The types of non-probability sampling are explained as below:

   Purposive Sampling

It is a type of sampling where the members of a sample are selected according to the specific purpose of the study.

For example, if a researcher wants to study the impact of drug abuse on health, every member of the population cannot be the best respondent for this study. Only the drug addicts can be the best respondents because they have undergone the impacts of drug abuse on their health and can provide the real data for this study. Hence, the researcher may select only the drug addicts as respondents for the study.

   Convenience Sampling

It is a type of sampling where the members of the sample are selected based on their convenient accessibility. Only those members are selected who are easily accessible to the researcher. For example, a researcher may distribute questionnaires to volunteer students at a college or interview shoppers who are readily available in a market.

   Snow-ball Sampling

Snow-ball sampling is also called chain sampling. It is a type of sampling where one respondent identifies (or suggests) other respondents (from their friends or relatives) for the study. Snow-ball sampling is adopted in situations where it is difficult for the researcher to identify the members of the sample.
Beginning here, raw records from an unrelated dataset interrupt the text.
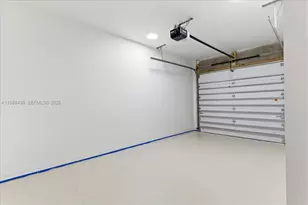 2925 SW 36th Ave, Miami, FL 33133 - Photo 60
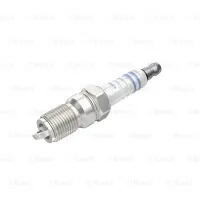 Spark plug Bosch 0 242 235 661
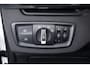 BMW X1 xDrive25e eDrive Edition |CAMERA|HEAD UP|ST VWM|LED|TREKHAAK|CLIMA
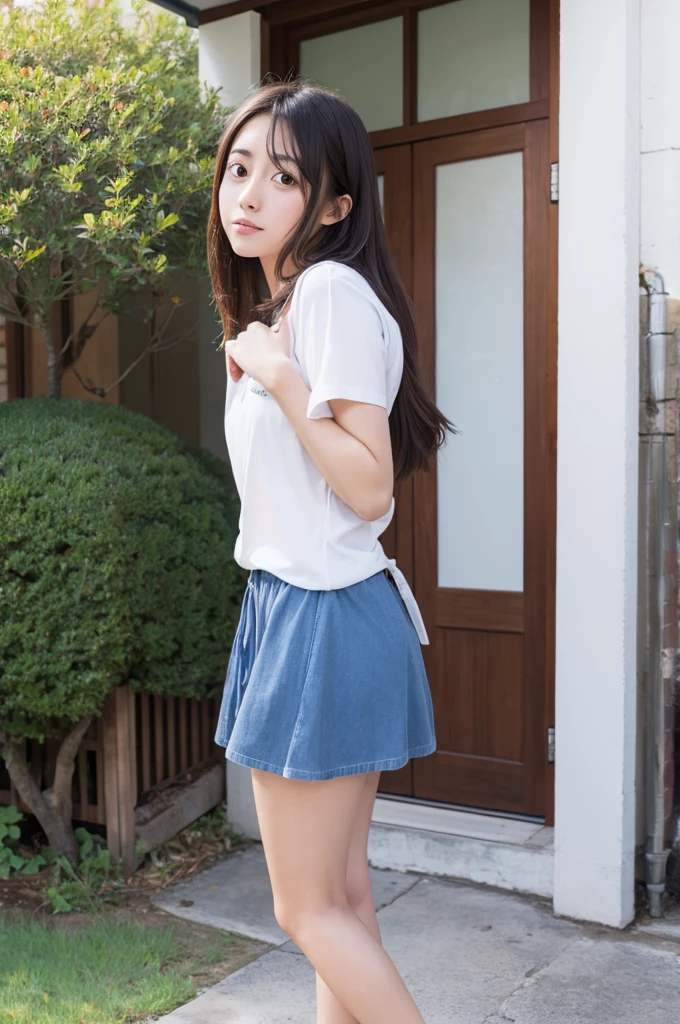Haruka Fukuhara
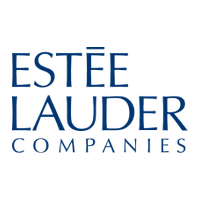 EL.NYSE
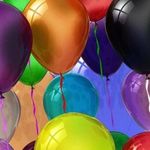 George Freund - @freund522 - Instagram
For example, a researcher wants to study ‘problems faced by migrants in an area.’ The researcher may not know enough number of migrants in the area to collect data from them. In such a case, the researcher may ask one migrant respondent to help locate other migrants to be interviewed. The respondents may tell the researcher about other friends who are also migrants in the area. Similarly, the new respondents (identified by the last respondent) may suggest some other new respondents. In this way, the sample grows like a snowball. The researcher continues this method until the required sample is achieved.

   Quota Sampling

In this type of sampling, the members are selected according to some specific characteristics chosen by the researcher. These specific characteristics serve as a quota for the selection of members of the sample. Hence, the members are selected based on these specific characteristics, such as age, sex, religion, profession, ethnicity, interest, and so on.

For instance, if a researcher is studying consumer preferences in a city, they may select 50 men and 50 women across different age groups to ensure the sample reflects the population structure.